Paramount Summer Series Movies: Splendor in the Grass and The River





































I watched Splendor in the Grass and The River, starring Montgomery Cliff, as a double feature last night at the Paramount.

The River was an excellent film that I have never seen nor heard of before. It is all about the Tennessee Valley Authority and how it affected those with land along the flood ways. Jo Van Fleet was exceptionally awesome in this film.















As always, Splendor in the Grass left me dwelling on the ending for hours. There is Natalie Wood as Deanie Loomis, all excited about seeing her ex and trying to look her very best for that moment when she would prove to him and herself that she is over him and can face him as an adult woman and show him that gone is the sycophant teen she once was only a few years before.

When she arrives there  is, "Oh, Bud", a poor rancher, married with a son and baby on the way. This final scene is my most favorite of any movie I have ever watched.  The body language and the gestures that supplement the verbal interactions between Deanie, Bud and Angelina fascinate me because they can be read in so many ways.

"That though the radiance which was once so bright be now forever taken from my sight. Though nothing can bring back the hour of splendor in the grass, glory in the flower. We will grieve not, rather find strength in what remains behind. "
~ William Wordsworth

Though the movie focuses on both Deanie and Bud, the story seems to be more about Deanie, to me. As she struggles to read the lines from Ode: Intimations of Immortality", she is already forced to leave her juvenile ideals of love (the result of Bud finding "glory in the flower") and enters the adult world by way of madness. The movie ends with her treating her parents as if they are the children now. She has been through more in her short time as an adult than they have in their entire lives. Or so it seems. The movie ends with her reciting the lines with a  new knowledge of what they are about.

I often ask people, who have watched the movie, what their take on the ending is and it often leads to conversation that lingers on much longer than expected.

Does Bud just marry Angelina because she was there and took care of him and fed him during a dark period of his life? Poor Angelina, is she loved dearly by Bud or does Bud remain forever a spoiled child incapable of not loving anyone really but himself?  When Deanie is playing with Bud's son, the looks on Angelina and Bud's faces are telling us what?

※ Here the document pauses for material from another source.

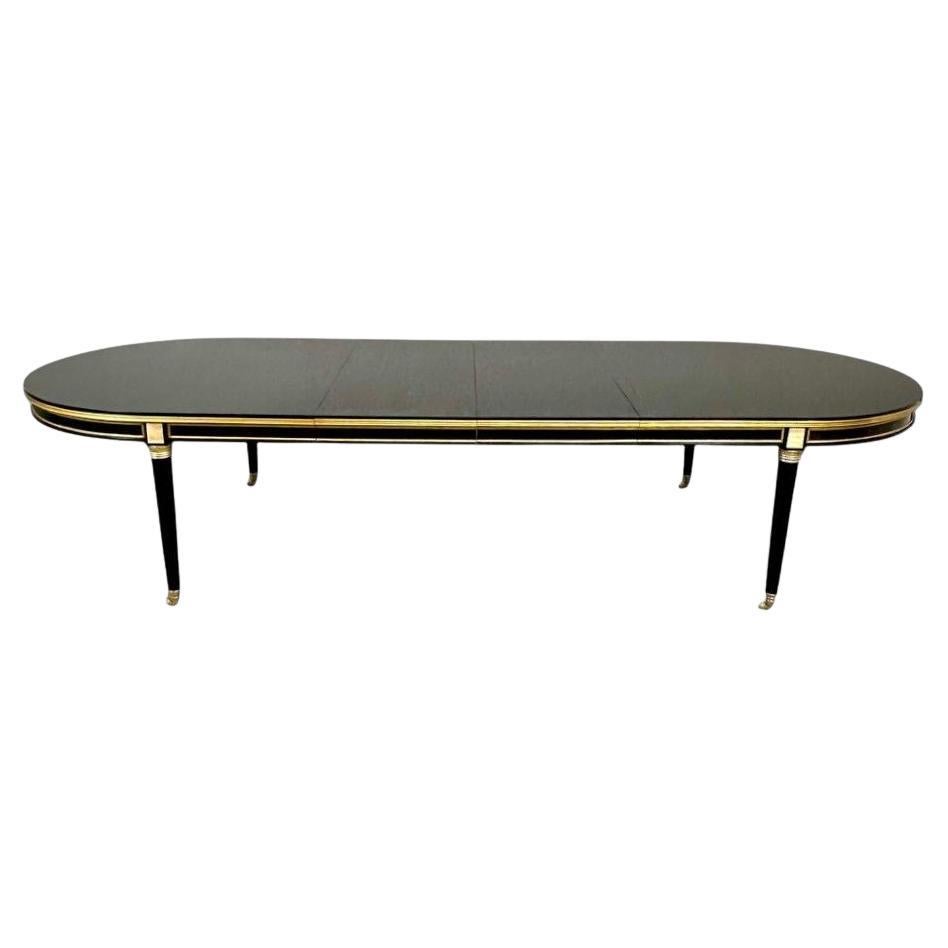 Tavolo da pranzo in stile Maison Jansen, Hollywood Regency, lacca nera, bronzo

Was Deanie embarrassed and feeling silly that she had tried so hard to look luxe to meet Bud now that she sees where and how he is living...what? What does it mean when she picks at her lapel and shakes her head as she walks out of Bud and Angelina's kitchen?  Did her white dress represent that through everything she was always honest and emerges clean whereas Bud is drowning in regret and maybe out of touch with himself? Or does the fact that Deanie's ensemble includes white gloves (that she never takes off), keeping her from actually really touching anything in Bud's new world hint at a class distinction? Deanie's mother always wanted her to marry well and she is engaged to a doctor who we are told is doing well. Or does it hint at her recovery not being entirely complete as she is still hiding behind gloves and not actually feeling what she touches?

I always feel bad for Angelina. At the beginning of the scene she seems content (there are flowers on the refrigerator) then her life is interrupted by her husband's past and she is left looking sad at the doorway. She nearly cries when he asks when do they eat. But he kisses her and things seem to continue as they did before Deanie's visit. Rather, I assume they do.

But are Deanie and Bud really happy with what has become of their lives? Are they really?

Note: I was so in love with the dress Natalie Wood wore to the dance that I designed my prom dress around it and had it made. The red satin was an inspiration. I'll show you one day when I am more comfortable with my big 80's hair and "claw".